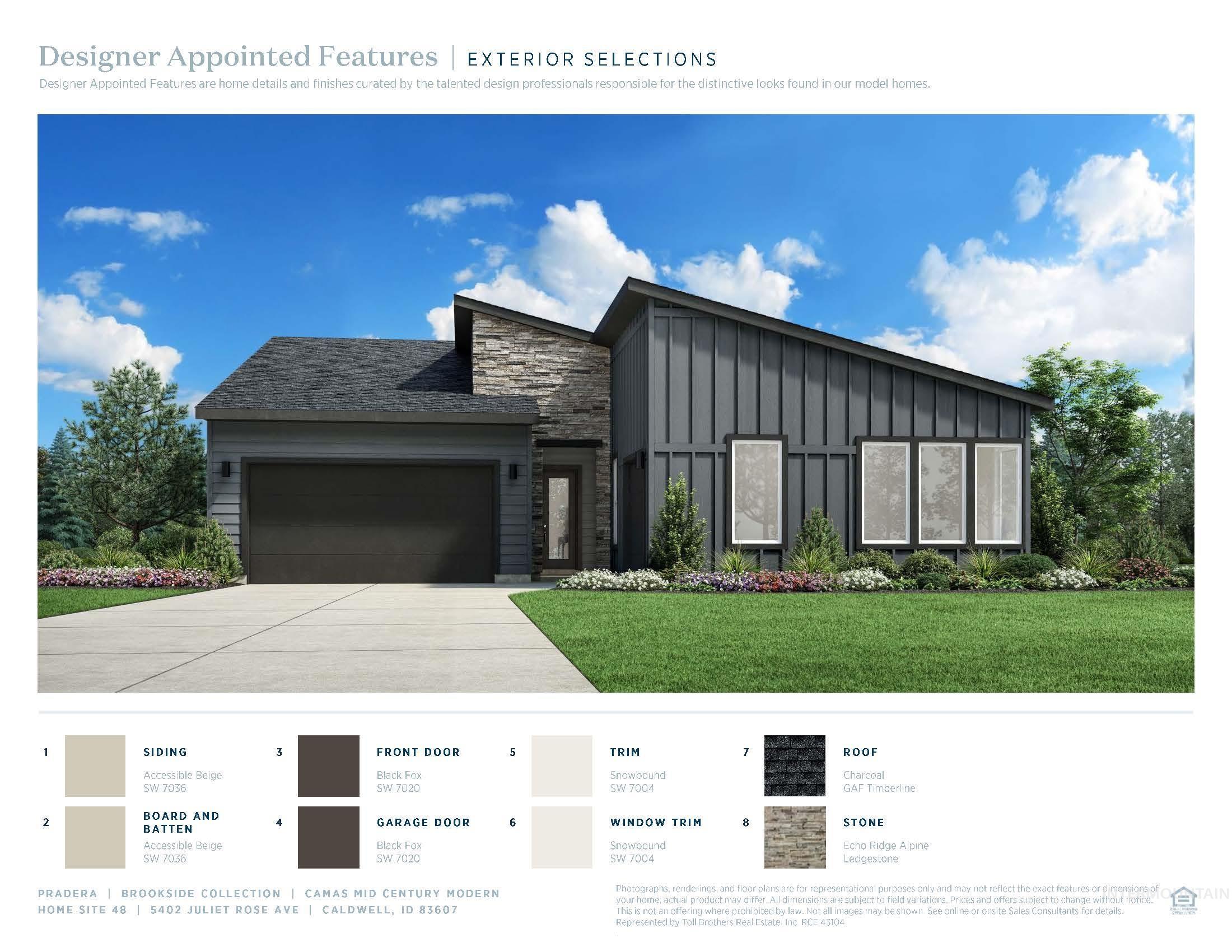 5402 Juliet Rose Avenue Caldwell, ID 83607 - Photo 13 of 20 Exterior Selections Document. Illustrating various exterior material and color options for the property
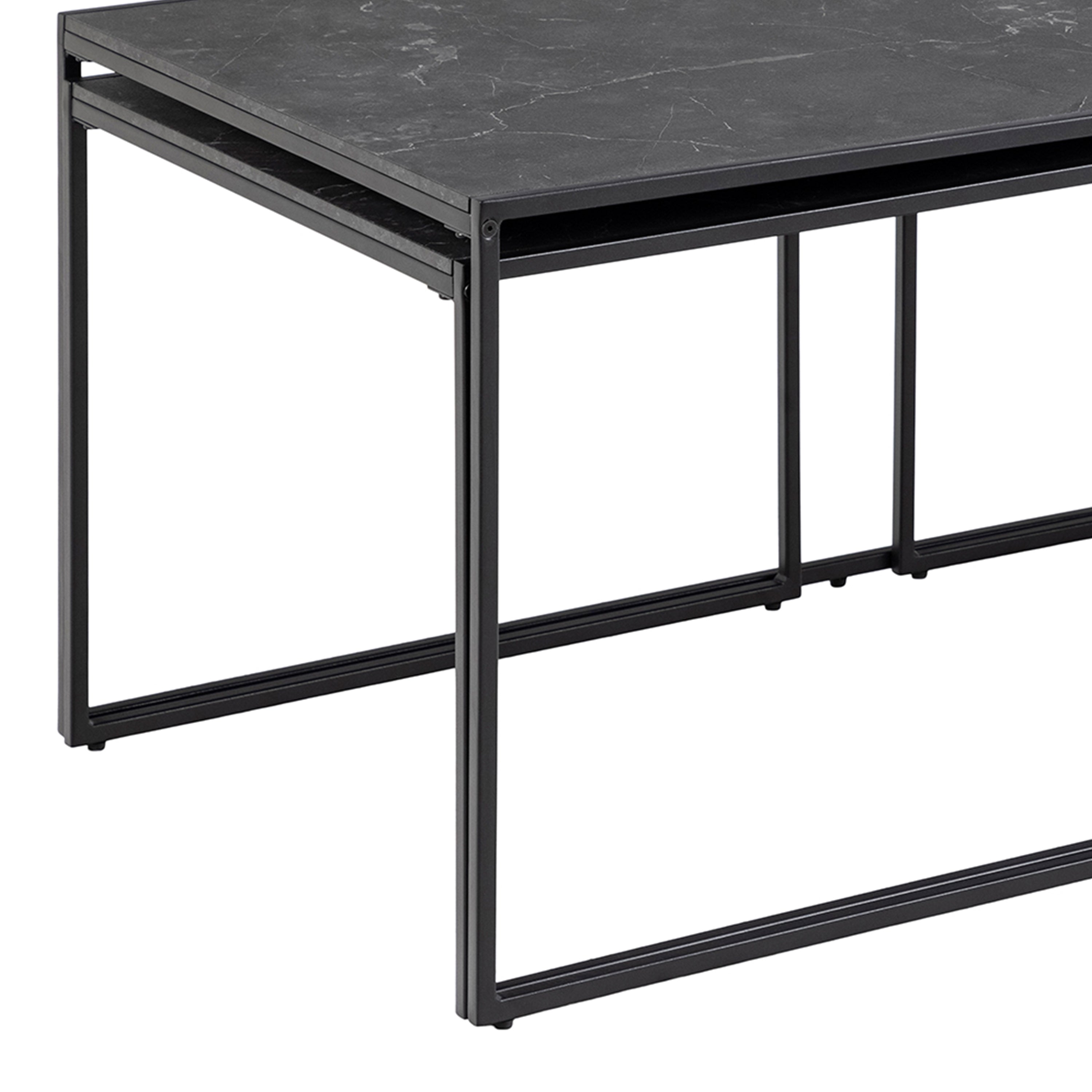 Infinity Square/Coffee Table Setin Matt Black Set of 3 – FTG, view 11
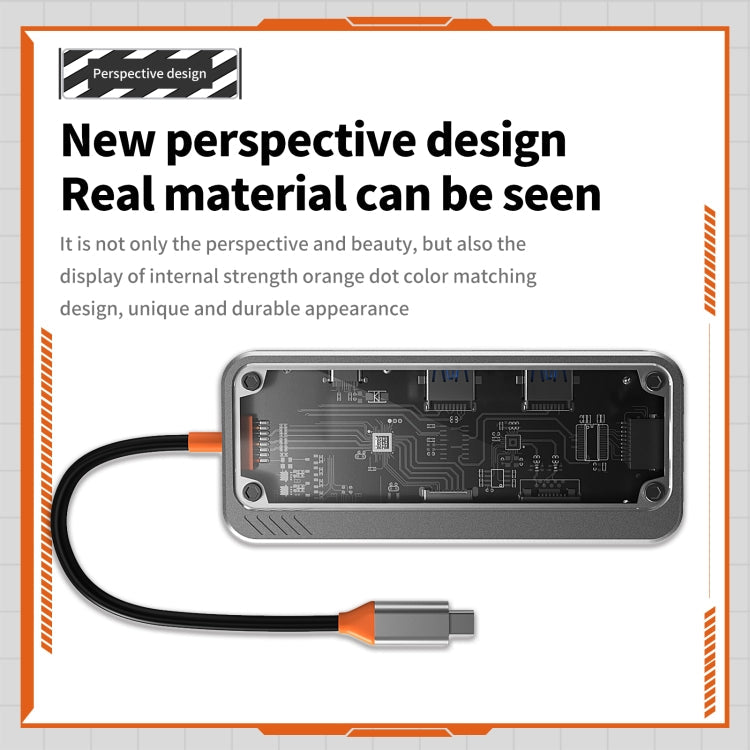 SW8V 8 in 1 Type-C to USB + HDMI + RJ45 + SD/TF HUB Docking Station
---*---
### TASK ITEM
Your copy should hold only the lines from the line with "Infinity Square/Coffee Table" through the end of the data above, both ends included, transcribed exactly and without pictures.

### RESULT FOR THIS TASK
 Infinity Square/Coffee Table Setin Matt Black Set of 3 – FTG, view 11
 SW8V 8 in 1 Type-C to USB + HDMI + RJ45 + SD/TF HUB Docking Station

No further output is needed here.